Insert funny yet satirically relevant scene I can't tell you about here.
Things are no different at PFJ headquarters, where the sick and possessed have lined up to be healed by their new Savior. Reg has even struck a deal with a Mr. Papadopoulus (executive producer Harrison in an uncredited cameo) to let Brian speak at the Mount. Even Judith has caught Brian fever.
This never happened to the other guy.
Right about now, the Romans finally catch up with Brian (took them that long to chase him down?) and take him back to Pilate, who calmly sends him off to be "cwucified".
Pilate, in a festive Passover spirit, addresses the crowd with his friend from Rome whose name I can't mention for fear of giving away another joke, announcing that he will release one prisoner from his crucifixion party, which the crowd takes as an excuse to name as many 'R' names as they can to poke fun at his accent. After failing to get her comrades in the PFJ to get off their lazy asses and do something about it, Judith joins this crowd to call for Brian's release.
Meanwhile, the PFJ finally decide on a unanimous vote to get off their lazy asses and do something about it.
Mean-meanwhile, Brian has just been sent off with the rest of the crucifers...crucifixioners...crucifees...he's going to be crucified.
Not a lot of major jokes to give away in that lot.
"I will cwucify that wascawwy wabbit!"
Brian is eventually strung up on his cross along with 139 other criminals. The PFJ finally arrive...to wish him well on his martyrdom for the cause, and then sing and applaud for him.
The Roman rescue party show up to release him, but when everyone insists that their name is Brian ("I'm Brian and so's my wife!") they take the wrong man down instead.
A sudden appearance by the Judean People's Front's crack suicide squad (introduced in a deleted scene) goes about as well as you'd expect. Wish I could tell you about it.
Judith appears to say farewell after Reg tells her "what he was doing".
Even his own mother shows up to disown him.
So to summarize: Brian is now hanging on a cross, a long, torturous, horrible death awaits him and all avenues of rescue have pretty much left him to rot.
What more perfect time for a merry sing-along?
So that's Life of Brian. And how does it hold up?
Well, in this so-called enlightened age of Fox News pundits, holier-than-thou politicians, and religious types who spend more time in picket lines than in church...pretty well.
The extensive research the Pythons did for this film shows. The biblical look of the film is quite authentic, and the cinematography and Terry Gilliam's production design makes it all the more realistic. Man, it had ALIENS in it and it looked real. In fact, just about the only thing it gets wrong is that everybody in Judea is Caucasian.
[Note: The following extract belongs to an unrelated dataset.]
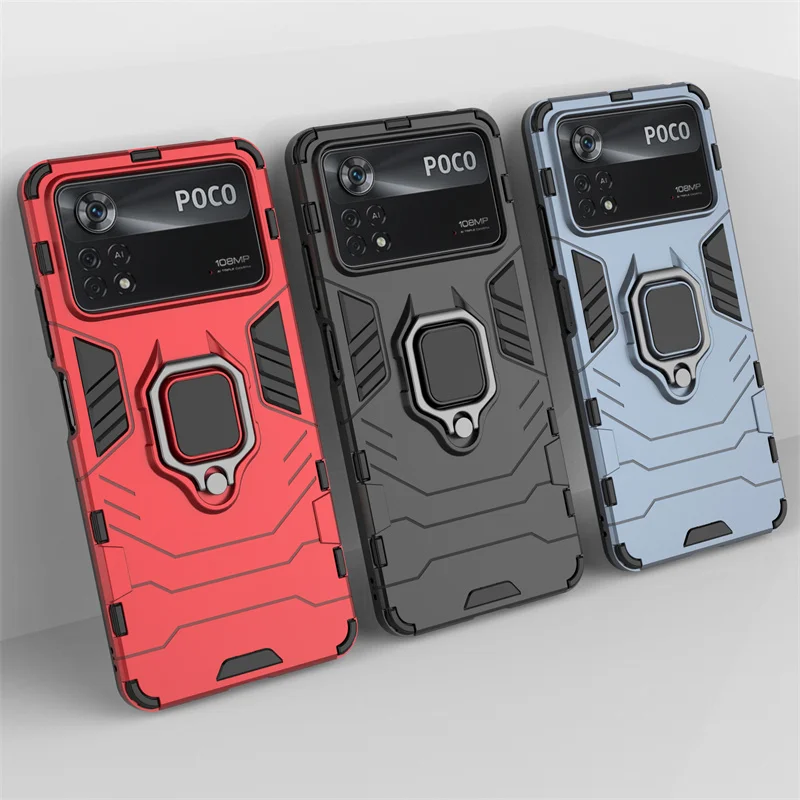 

For Xiaomi Poco X4 Pro 5G Case Cover Poco X4 Pro 5G Capas Back Shockproof Holder Magnetic Cover For Poco X3 M3 M4 X4 Pro Fundas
Also...blasphemous? HOW?? Jesus appears in this movie twice, just before AND immediately after the opening credits, and he's the only person in the film who is actually played straight. The Pythons casually tiptoe around all references to him; the worst he gets is when Michael Palin's ex-leper calls him a "bloody do-gooder". The film doesn't outright tell you to abandon Christianity and become an agnostic, it's just saying think for yourselves and have some common sense, a message I'd imagine some mainstream religious leaders would have trouble wrapping their heads around. Message aside, it also has some of their funniest material. Those one or two of you who haven't seen this movie will love it.
Since its release, Brian has become a cult classic--not as popular as Holy Grail or as censor-baiting as Meaning of Life, even though you do get a brief glimpse of Chapman's naughty bits at the start of the "we're all individuals" bit, but it has a nice tinge of satire that the other two films lack. The controversy that surrounds it even now only adds to why people like it so much (look up "Not the Nine O'clock News" on YouTube sometime). It's basic Monty Python--humor that's silly, absurdist and at times sophomoric, but at the same time so sophisticated only the stupid amongst the stupid couldn't understand it. I'm quite proud to list this movie as one of my all-time favorites.
And I didn't even mention the best jokes in it, either.
Praise be to Brian, patron saint of satire, who died so that we all shall laugh.